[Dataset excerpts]
######
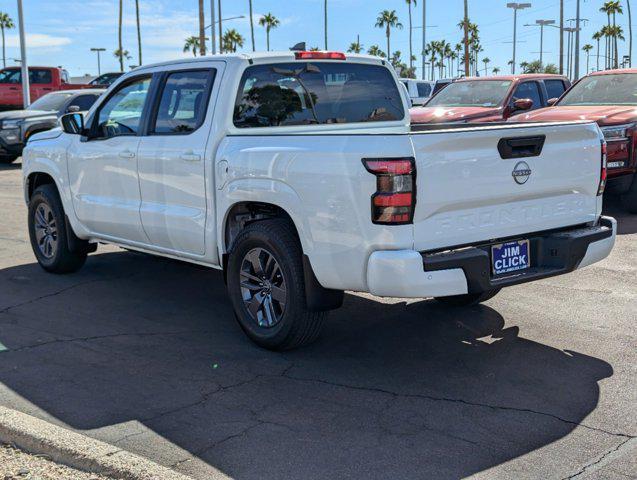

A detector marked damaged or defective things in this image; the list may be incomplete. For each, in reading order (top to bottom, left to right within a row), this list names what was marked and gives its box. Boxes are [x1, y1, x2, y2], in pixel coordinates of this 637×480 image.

crack in asphalt [560, 436, 632, 478]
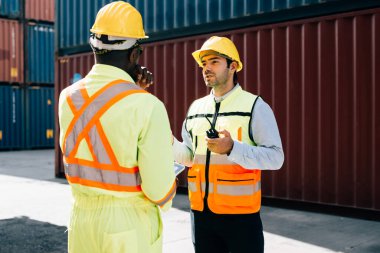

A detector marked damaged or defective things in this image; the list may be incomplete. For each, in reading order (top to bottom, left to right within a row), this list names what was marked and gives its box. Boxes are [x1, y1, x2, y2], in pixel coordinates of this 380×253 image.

rusty metal panel [25, 0, 55, 22]
rusty metal panel [0, 19, 23, 84]
rusty metal panel [55, 7, 380, 211]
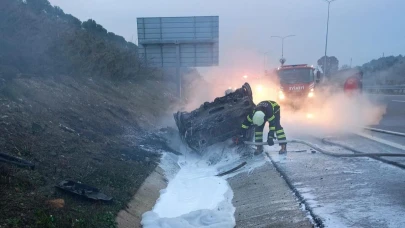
######
Please output exactly the lines from the line containing "this 380×253 image." through the last line of the records above, both included, and leave out any pictures.

_Solution to this exercise_:
A detector marked damaged or defective things in this image; the list may be incomplete. For each, in reading order (top to bottom, left to right within a row), this list names what was marked and gives its box. Boxes are [x1, y1, x2, y2], in pixel coordinates of this 380×253 image.

rusty metal panel [25, 0, 55, 22]
rusty metal panel [0, 19, 23, 84]
rusty metal panel [55, 7, 380, 211]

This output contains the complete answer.